This is another installment in the continuing saga of failure that seemed to follow Morris Crimpanfortis V wherever he went. We learn that he had the good fortune of caddying for one of his father’s TV execs in a celebrity golf tournament and was subsequently awarded a position at the Burbank studio. There, he learned the ropes and generally comported himself in a professional manner. But that, of course, did not last forever. Overstepping his boundaries, he produced an infomercial that went live coast-to-coast on the family-owned network that delivered results that were a crashing embarrassment to the staid Crimpanfortis standard of broadcast excellence.
Leaving Burbank in the Red-eye Dust
How I went from Hollywood Hotshot to Coal Country Wash-up
You may be wondering how I went from our flagship television station in the Los Angeles DMA to an end-of-the-road outlet in the economically distressed coal region of eastern Pennsylvania. This is the price one sometimes pays for innovation and creativity. Unfortunately, I chose the wrong product to get innovative with. The result was one of the most embarrassing debacles in live TV history. Worse, it totally disgraced Daddy. And you know who took the blame: it sure wasn’t my sister Noreen.
All but disowning me the only recourse of the family was to shuffle me off to oblivion and hope I didn’t debauch myself again. Of course, when you regularly entertain creative urges like I do, you’re never going to remain silent. There’s always a gears grinding in the old wheelhouse–even if people say I’m a couple bricks shy of a full load. But what do they know? Do they know what actually constitutes a “full load?” Don’t worry I’ll give you a full load. A full load upended my career.
The Nastiest Cleanse of All
It all began–and ended–with a half-hour infomercial. You know the genre I’m talking about, the one where the announcer is constantly saying, “But wait, there’s more.” There was more, all right. I created what I thought was a groundbreaking vehicle for an ambitions, albeit overly aggressive client. What started with such high hopes became a nightmare of epic proportion.
The disaster at the Burbank studio taught me a couple of valuable lessons: number one, never deal with a herbal body cleanse that bills itself as “explosive.” Number two: don’t roll over for any of your clients; and number three: never trust the hyperbolic claims of a detox product that hasn’t been thoroughly vetted by the proper regulatory agencies. There’s no such thing as “fudging the clinical data” to make the benefits/risks assessment more palatable to the uninformed consumer.
But above all else–never…NEVER, EVER go live with such a product (especially not without the luxury of a seven-second delay) and NEVER, EVER…EVER make a game show out of contestants demonstrating the product’s primary use with escalating prize packages tied to performance.
So what if the Disaster was seen around the World?
Corporate can banish me to the far and forgotten reaches of this great country all it wants.

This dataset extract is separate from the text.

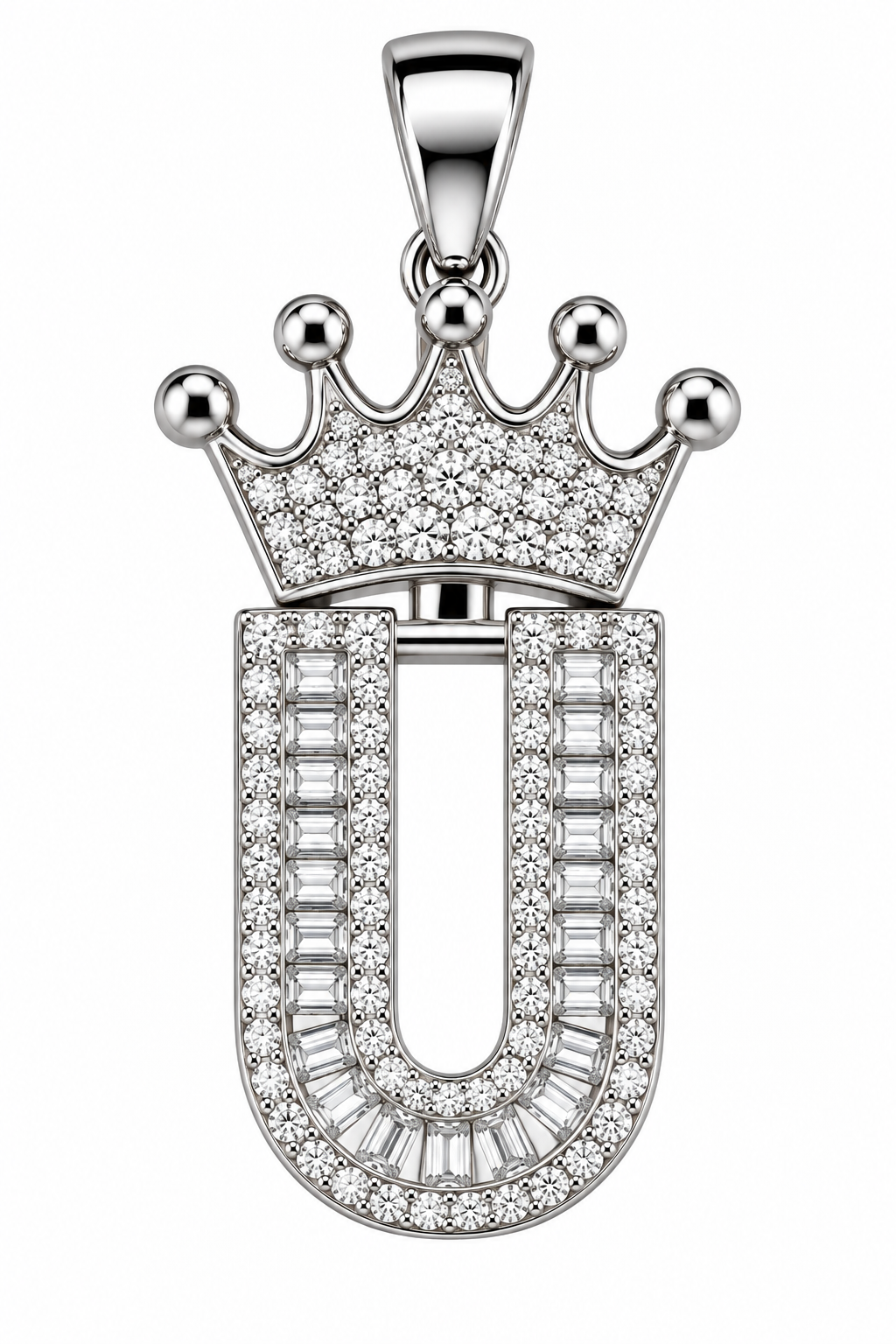 Moissanite Silver Iced Out Crown Initial Pendant – Letter U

I will not stop pitching my shows. New content is the lifeblood of a television network. This is my opportunity to rise and shine and I’ve got to stake my claim. You never know if you’ll ever get another shot like this again.
Oh, by the way…sales of the product that I showcased went through the roof following the one-time-only telecast. To this day, the all-natural cleanse ranks in the top ten of like-minded products according to the “lists” you see on the Internet (when, of course, in these post-sunspot days the flickering Internet is actually working).
How much did the televised meltdown contribute to brand awareness? All I know for certain, I’ll never get the credit. But that’s okay; when you’re creating shows, you do it for the love of the game.
And when you finally do have a success, it just makes all the snide comments people make behind your back just that much sweeter.